You know the workforce crisis we inherited. It won't be fixed overnight, but we are taking action rather than taking stock.
Strengthening collaboration and coordination across the health system
The final goal that I would like to mention today is the need to ensure that planning and improvement across the health system is clear, effective and coordinated.
As I have mentioned, there are significant challenges facing the public health system - challenges made more acute by the current global financial crisis, and the need for health to plan within a more constrained future funding growth path.
These challenges require a coordinated response throughout the health sector.
As services become more complex and interdependent, planning at district level alone will no longer be sufficient to ensure the viability and affordability of health services over the long term.
While we work relatively well at regional and national levels now, there is more that can be done to improve the clinical and financial viability of services.
DHBs parochial interests can get in the way of sensible regional approaches. We cannot afford that luxury any more.
The Government is seeking better coordinated and integrated planning and decision making across all levels of the health services, to deliver better services at district, regional and national levels.
This will be done working in partnership with health professionals to harness clinical expertise to improve service planning and quality.
Ministerial Review Group
Getting the mix right between the district, regional and national levels has been one of the main themes of the recent Ministerial Review Group (MRG) report.
'Meeting the Challenge' is a comprehensive report, with 170 recommendations on how to reduce expenditure on bureaucracy, improve frontline health services, and improve value in the public health service.
The MRG included some of New Zealand's best health sector professionals. Many of their recommendations have been well discussed in the sector.
There is a clear consensus across the health sector - and the public - that change is needed. You know that we need to stop taking 21 different approaches to everything - that we need to centralise some decision making and regionalise others.
New Zealand cannot afford 21 different approaches to the future of health care in New Zealand. We can't afford to have DHBs duplicating back offices and not supporting each others services.
The MRG plan is about providing clearer central direction and coordination for the future.
Huge gains can be made in improving cooperation and harnessing the power of bulk purchasing. What existed when money grew on trees in the past 10 years won't work when the country is borrowing $250 million a week. Change is needed.

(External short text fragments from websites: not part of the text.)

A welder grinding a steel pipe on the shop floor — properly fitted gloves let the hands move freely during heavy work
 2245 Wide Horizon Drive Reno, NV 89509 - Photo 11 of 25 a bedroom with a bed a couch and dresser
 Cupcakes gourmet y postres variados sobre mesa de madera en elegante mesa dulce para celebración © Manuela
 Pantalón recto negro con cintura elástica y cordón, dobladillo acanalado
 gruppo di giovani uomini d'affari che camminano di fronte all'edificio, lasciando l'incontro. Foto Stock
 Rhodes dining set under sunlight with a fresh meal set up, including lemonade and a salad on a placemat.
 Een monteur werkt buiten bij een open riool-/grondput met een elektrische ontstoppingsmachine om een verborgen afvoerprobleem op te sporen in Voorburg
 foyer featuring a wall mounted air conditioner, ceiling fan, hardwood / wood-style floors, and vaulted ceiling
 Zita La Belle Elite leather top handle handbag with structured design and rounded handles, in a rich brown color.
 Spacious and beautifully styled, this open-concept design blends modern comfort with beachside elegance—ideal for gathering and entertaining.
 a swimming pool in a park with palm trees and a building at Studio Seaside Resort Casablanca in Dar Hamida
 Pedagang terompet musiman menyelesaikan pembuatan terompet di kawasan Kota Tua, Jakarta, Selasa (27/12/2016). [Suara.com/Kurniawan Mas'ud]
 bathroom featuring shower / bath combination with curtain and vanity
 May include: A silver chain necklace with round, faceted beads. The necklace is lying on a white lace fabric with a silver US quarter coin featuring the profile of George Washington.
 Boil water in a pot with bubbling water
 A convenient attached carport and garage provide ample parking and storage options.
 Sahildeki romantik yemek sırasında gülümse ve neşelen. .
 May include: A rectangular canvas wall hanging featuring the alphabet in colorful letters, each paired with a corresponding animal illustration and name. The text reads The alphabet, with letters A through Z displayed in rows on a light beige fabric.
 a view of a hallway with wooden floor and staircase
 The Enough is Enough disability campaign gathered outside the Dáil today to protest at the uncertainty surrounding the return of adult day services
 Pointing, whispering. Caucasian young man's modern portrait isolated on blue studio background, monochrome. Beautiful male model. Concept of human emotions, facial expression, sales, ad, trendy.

The MRG Report is available on the Beehive website, and I recommend it to those of you really interested in the challenges facing our public health service. The public's feedback on the report is also available publicly on the Beehive website.
Ladies and gentlemen - today I have given you a picture of the challenges facing our public health service and the ways in which the Government is working with the sector to address these challenges.
The challenges are significant, but we are not alone in working to find solutions.
Governments in the United States, Great Britain and Australia, are also considering how to deliver better value health services to populations for whom quality health services are a top expectation.
It is a time of major challenge, but also a time of opportunity and innovation.
Given the dedication and commitment of the New Zealand health workforce, including academics and researchers in the health sciences field, I have absolutely no doubt the future of our public service is very positive.
Thank you for the opportunity to speak with you today.